**Task requirements**.
From the data below, copy out every line in which the word "Honor" occurs.

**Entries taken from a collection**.
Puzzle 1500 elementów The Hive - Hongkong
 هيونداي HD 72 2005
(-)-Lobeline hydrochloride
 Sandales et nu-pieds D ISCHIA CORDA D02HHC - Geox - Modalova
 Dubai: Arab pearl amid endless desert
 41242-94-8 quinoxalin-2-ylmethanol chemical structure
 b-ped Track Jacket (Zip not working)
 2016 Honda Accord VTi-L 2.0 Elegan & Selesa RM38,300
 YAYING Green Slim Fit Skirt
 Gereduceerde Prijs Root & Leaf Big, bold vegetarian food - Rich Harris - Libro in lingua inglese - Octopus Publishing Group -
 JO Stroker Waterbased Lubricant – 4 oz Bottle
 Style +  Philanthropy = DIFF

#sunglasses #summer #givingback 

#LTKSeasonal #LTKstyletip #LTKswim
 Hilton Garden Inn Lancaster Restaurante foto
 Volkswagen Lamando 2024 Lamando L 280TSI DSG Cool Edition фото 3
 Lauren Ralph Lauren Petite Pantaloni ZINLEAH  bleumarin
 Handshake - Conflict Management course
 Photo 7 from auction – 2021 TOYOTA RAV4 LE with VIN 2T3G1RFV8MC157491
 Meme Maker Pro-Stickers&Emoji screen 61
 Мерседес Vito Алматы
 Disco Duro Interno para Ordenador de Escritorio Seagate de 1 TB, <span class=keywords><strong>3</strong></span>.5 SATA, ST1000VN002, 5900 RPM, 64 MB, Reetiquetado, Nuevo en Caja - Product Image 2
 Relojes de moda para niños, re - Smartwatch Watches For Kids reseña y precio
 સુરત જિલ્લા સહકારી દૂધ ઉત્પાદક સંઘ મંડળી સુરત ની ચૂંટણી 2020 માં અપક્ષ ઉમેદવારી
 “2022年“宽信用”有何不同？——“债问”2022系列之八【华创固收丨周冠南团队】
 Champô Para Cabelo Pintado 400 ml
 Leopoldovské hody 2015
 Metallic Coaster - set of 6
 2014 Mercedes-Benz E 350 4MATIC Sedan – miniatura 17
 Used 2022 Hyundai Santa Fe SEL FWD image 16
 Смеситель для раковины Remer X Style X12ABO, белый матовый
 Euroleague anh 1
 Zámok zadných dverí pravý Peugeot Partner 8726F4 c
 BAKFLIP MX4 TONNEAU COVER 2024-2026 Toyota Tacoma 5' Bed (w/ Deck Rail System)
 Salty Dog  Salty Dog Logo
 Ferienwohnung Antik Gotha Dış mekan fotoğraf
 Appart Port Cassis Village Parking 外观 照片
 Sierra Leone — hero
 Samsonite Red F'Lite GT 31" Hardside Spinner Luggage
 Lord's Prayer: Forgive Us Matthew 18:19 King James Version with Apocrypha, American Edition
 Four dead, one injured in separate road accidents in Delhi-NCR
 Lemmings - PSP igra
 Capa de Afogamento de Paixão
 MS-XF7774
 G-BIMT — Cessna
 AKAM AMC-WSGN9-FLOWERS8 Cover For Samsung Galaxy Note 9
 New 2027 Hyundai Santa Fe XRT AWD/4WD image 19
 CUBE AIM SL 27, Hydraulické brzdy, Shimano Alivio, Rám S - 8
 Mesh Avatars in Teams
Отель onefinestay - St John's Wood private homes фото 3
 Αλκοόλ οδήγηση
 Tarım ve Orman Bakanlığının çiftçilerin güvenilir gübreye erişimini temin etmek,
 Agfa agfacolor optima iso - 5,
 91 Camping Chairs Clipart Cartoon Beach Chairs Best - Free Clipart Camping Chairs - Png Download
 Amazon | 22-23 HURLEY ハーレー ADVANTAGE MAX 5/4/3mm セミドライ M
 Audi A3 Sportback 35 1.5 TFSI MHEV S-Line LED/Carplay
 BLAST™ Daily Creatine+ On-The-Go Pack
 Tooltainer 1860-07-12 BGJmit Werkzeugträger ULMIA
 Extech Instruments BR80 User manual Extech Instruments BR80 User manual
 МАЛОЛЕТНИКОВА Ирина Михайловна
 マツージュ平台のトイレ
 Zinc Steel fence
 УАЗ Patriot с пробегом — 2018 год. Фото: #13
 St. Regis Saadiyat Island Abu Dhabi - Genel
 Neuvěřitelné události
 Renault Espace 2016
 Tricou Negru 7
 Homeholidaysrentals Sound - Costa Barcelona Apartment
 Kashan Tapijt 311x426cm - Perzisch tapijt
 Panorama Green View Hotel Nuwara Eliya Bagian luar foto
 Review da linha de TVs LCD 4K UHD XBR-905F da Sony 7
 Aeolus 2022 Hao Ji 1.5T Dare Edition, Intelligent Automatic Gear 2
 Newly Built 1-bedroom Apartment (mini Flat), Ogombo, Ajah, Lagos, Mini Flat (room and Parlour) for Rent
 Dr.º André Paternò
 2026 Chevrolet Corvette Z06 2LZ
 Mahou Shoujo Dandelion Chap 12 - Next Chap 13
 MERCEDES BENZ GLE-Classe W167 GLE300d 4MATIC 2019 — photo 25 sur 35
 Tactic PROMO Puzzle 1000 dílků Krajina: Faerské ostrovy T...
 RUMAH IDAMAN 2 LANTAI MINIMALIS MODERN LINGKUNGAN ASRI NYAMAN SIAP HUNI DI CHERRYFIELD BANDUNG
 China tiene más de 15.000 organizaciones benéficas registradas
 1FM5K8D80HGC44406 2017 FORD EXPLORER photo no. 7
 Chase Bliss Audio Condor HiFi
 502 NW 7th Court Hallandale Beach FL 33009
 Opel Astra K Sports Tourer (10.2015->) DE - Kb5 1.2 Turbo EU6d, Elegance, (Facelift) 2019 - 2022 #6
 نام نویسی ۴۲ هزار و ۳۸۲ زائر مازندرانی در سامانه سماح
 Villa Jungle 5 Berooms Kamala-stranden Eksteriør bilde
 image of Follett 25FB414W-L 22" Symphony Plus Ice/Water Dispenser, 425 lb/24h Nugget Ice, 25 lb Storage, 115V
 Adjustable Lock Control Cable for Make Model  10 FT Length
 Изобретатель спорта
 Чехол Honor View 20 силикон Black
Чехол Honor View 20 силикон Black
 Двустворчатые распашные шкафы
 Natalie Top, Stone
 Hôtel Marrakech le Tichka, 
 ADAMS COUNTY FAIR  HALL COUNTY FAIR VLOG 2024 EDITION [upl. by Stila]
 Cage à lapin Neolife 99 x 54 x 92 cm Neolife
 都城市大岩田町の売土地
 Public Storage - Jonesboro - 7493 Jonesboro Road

**Result below**.
 Чехол Honor View 20 силикон Black
Чехол Honor View 20 силикон Black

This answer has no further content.